Additional land purchases include: Jameson (4 acres), Novelli (140 acres), La Grande Motel Unit (10 acres), Mutual Materials (120 acres). The Pack Forest land base now grows to 4,374 acres. The forest is considered "fully developed" with forty miles of permanent roads and eight miles of developed and maintained trails, consisting of a combined 15 miles of self guided and interpretive hikes and walks.

Where the River Meets the Forest An Educator's Guide to the University of Washington's Pack Experimental Forest is developed in cooperation with the Washington Forest Protection Association (WFPA), the Washington State Department of Ecology , the Nisqually River Education Project, and Pack Forest. This guide, along with teacher workshops at Pack Forest, is an interdisciplinary guide for teachers, which can be adapted to a variety of grade levels. It provides opportunities to develop an understanding of the culture, economy, natural history, and land use of the area and their importance in our society.

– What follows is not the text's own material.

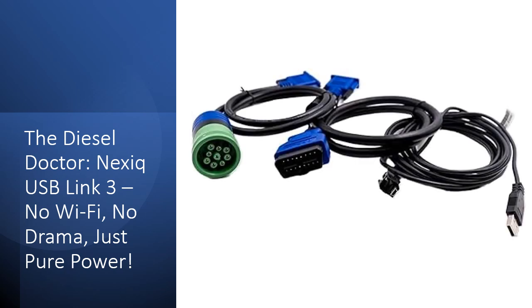The Nexic USB Link 3 isn't just a tool — it's an investment. This latest-gen interface boasts 16x more RAM, supports heavier bus loads, and future-proofs your shop with CAN-FD and DoIP protocols. It's rugged, reliable, and designed to withstand the toughest shop environments. No more fragile connectors or cheap knock-offs; this bad boy is built to last. Plus, with free lifetime technical support, you're never left scratching your head when things get tricky.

Educational outreach becomes an important focus at Pack Forest. Interpretive programs and education attracts 1,845 visitors in 1994, 1,632 in 1996, 1,560 in 1997, and 2,190 in 1998. These numbers include school children, non-CFR college students, and the general public. The conference center begins expanding its role, with 2,625 visitors in 1997, 2,170 in 1998 and 2,168 in 1999. Such diverse groups as state and federal agencies, colleges and universities, community and not-for-profit groups have used the conference center facilities for day, week, and month-long stays.

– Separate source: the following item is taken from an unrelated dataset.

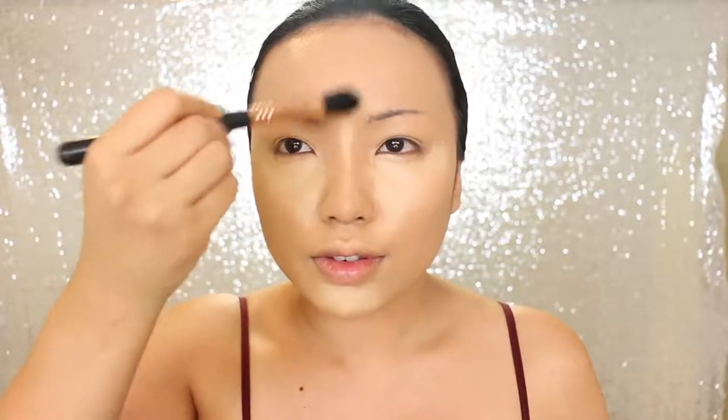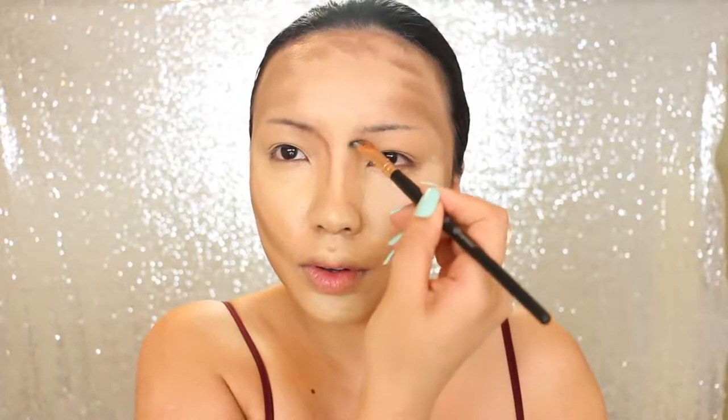Next I'm going to sculpt the face. I know this step looks very similar in every transformation video, but there's a slight difference in where I'm placing the contour and highlight. For the cheekbones I'm going a bit under, and her face is overall kind of small, so I'm going to darken the corners of my face a bit more than usual. Then I'm just going to blend the concealer and then the contour — get that arm workout in.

Pack Forest Landscape Management Plan is drafted in cooperation with the Silviculture Laboratory utilizing the LMS computer software. The College Lands Planning Committee recommends adoption and is approved by Dean Bruce Bare. Stanley Humann retires as College Lands Manager. John Calhoun is named Interim Director in 2003. The Center for Sustainable Forestry at Pack Forest is created. Pack Forest becomes third-party certified under the Sustainable Forestry Initiative® program. Forest operations begin to implement the Pack Forest SFI® program in June 2004. Spring Quarter Field Studies end at Pack Forest.

Dr. Gregory Ettl is named Director of the Center for Sustainable Forestry at Pack Forest.


The College of Forest Resources joins the College of the Environment as the School of Forest Resources.